As the supply base for the world’s crops and the demand base for fertilizer, the value chain centers around growers, Mr. Spahr told the audience composed of buyers and sellers, millers and manufacturers of ingredients and food. The fundamental structure of the crop side is the reverse of the fertilizer market, he explained. In the case of the former, central demand from a wide base of growers narrows as crops pass through the supply chain to a narrow end user base. For fertilizers, the commodity begins with a limited group of extractors and manufacturers who sell to a wider distributor base that spreads supplies even wider to retailers and then to the farmer or industrial user.
That narrow origin point for fertilizer “is where all the pricing power exists, especially when you start layering on anti-dumping, countervailing duties, sanctions and trade restrictions.” Mr. Spahr said. “That’s a key difference in how these markets function and part of the reason there’s so much opacity around fertilizer prices and how they work.”
Pivoting to recent market history, Mr. Spahr indicated numerous forces escalated a “perfect storm of building pressure” even before Russia began massing troops along its border with Ukraine. The US International Trade Commission in 2020 levied significant anti-dumping and countervailing duty import tariffs on phosphates from Russia and Morocco and urea and ammonium nitrate for nitrogen production out of Trinidad and Tobago and Russia. Constrained supplies were exacerbated further by a polar vortex, Hurricane Ida and sanctions against the world’s No. 2 potash exporter Belarus after the Ryanair Flight 4978 incident, all in 2021. Taking note of constrained supplies, China halted fertilizer exports.
When Russia attacked Ukraine in February, the resultant sanctions had a major impact.
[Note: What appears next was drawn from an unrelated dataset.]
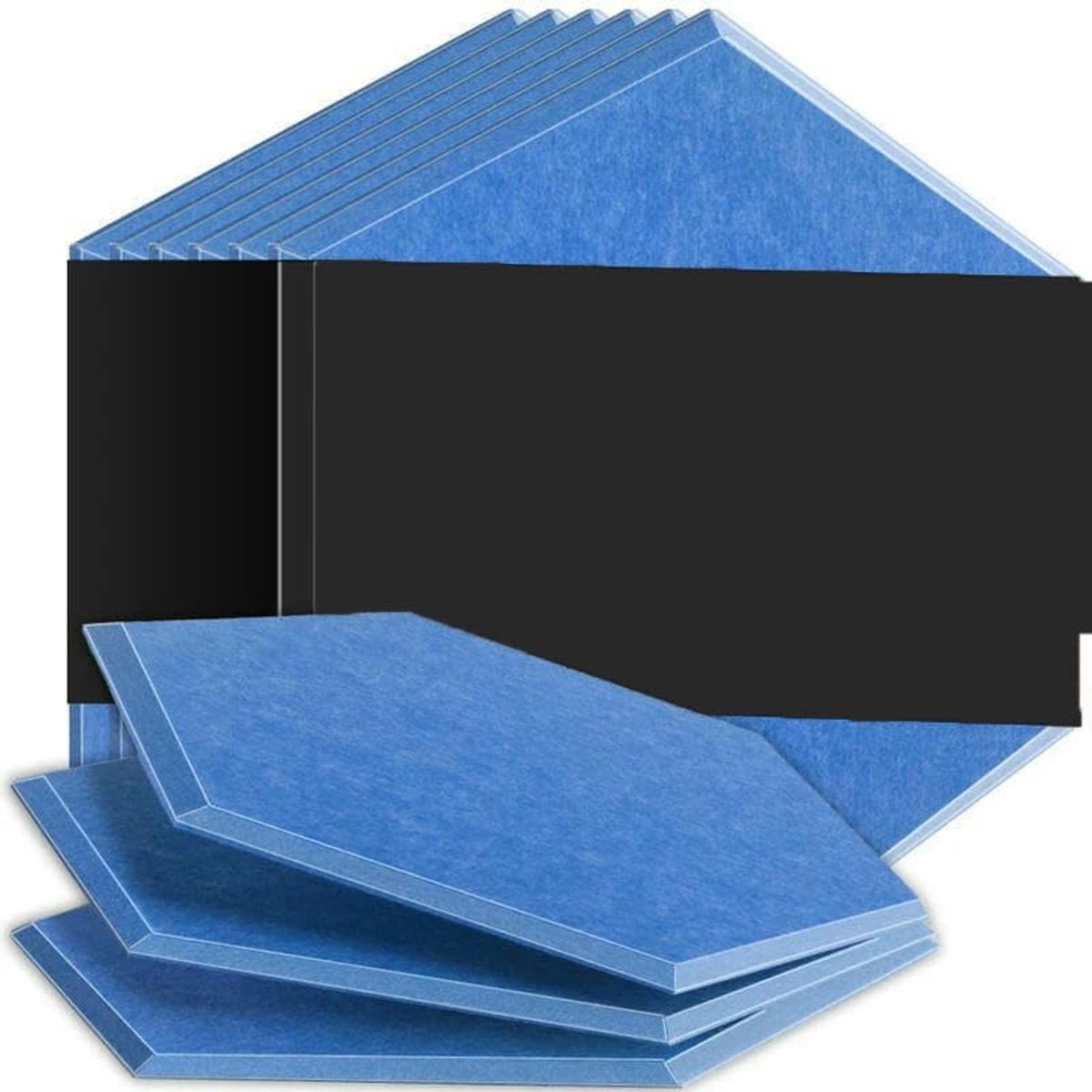 Akoestisch paneel - Geluidsisolatie absorptie - Studio geluidswerend - Superdichtheid 10 cm - Zes stuks - Hemelsblauw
Russia had been the world’s top exporter of urea, ammonium nitrate, ammonia and urea ammonium nitrate, and the No. 3 potash exporter globally. The European Union shifted ammonia imports partly to the United States, further constraining domestic supply. Fertilizer jumped from 30% of the variable cost of crop production in 2020 and 2021 to about 45% in 2022, he said.
What should US producers expect in the inputs markets for fall 2022 and 2023?
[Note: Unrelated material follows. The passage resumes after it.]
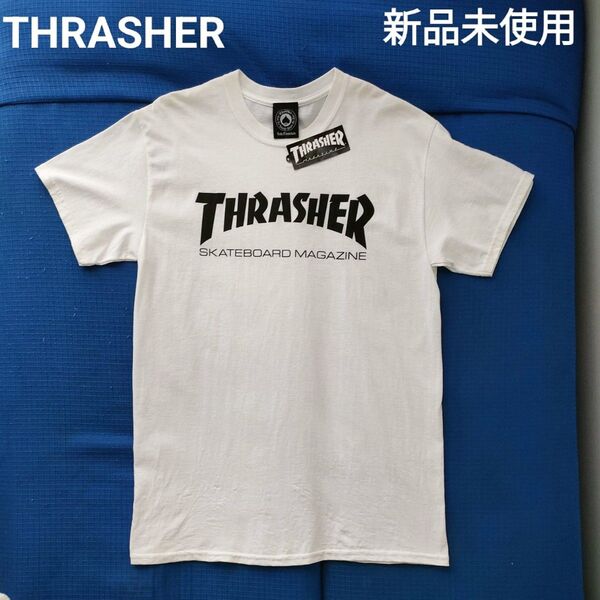 【新品未使用】THRASHER スラッシャー 半袖メンズTシャツ USサイズM ストリート スケボー スケーター ホワイト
“I think what it means is things will be pretty expensive as this all sorts out, and it’s not a six-month thing, it’s protracted,” Mr. Spahr said, “Moving forward, we’ll see the market adjust to the new pricing paradigm over the next period, especially if crop prices remain elevated.”
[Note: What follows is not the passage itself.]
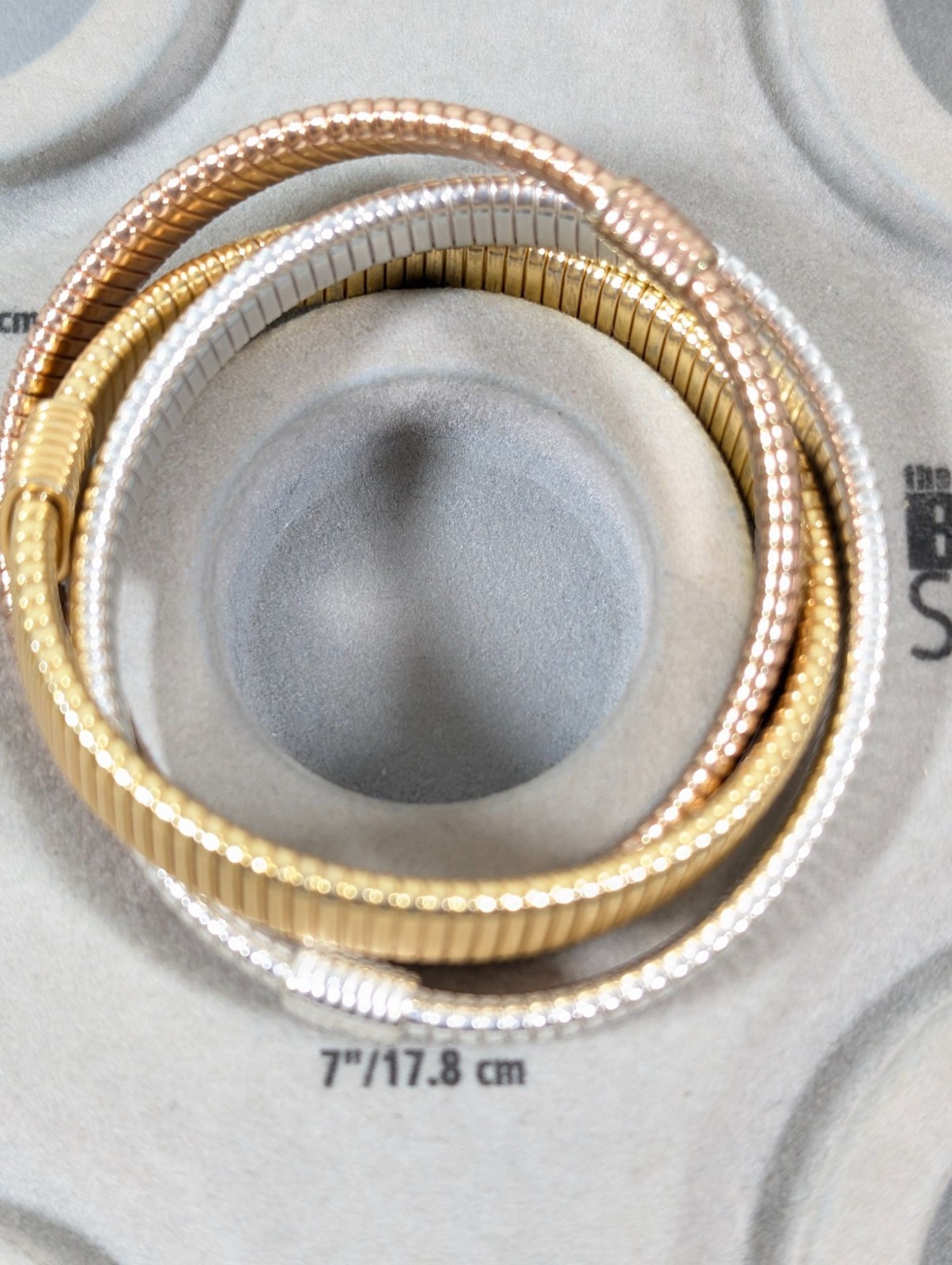 Mixed Metal Style Interlocking Triple Stretch Bra… - image 8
Sanctions, tariffs and export limits, justified or not, disrupt fairly efficient global trade flows, he said. The stark shift from relatively low fertilizer prices will potentially pull up the bottom of the cost curve, especially for mined product as extractors spend more to obtain more difficult resources. The tight global grain supply-demand stance will help keep prices high as well, since crop prices are highly correlated to fertilizer prices, he said.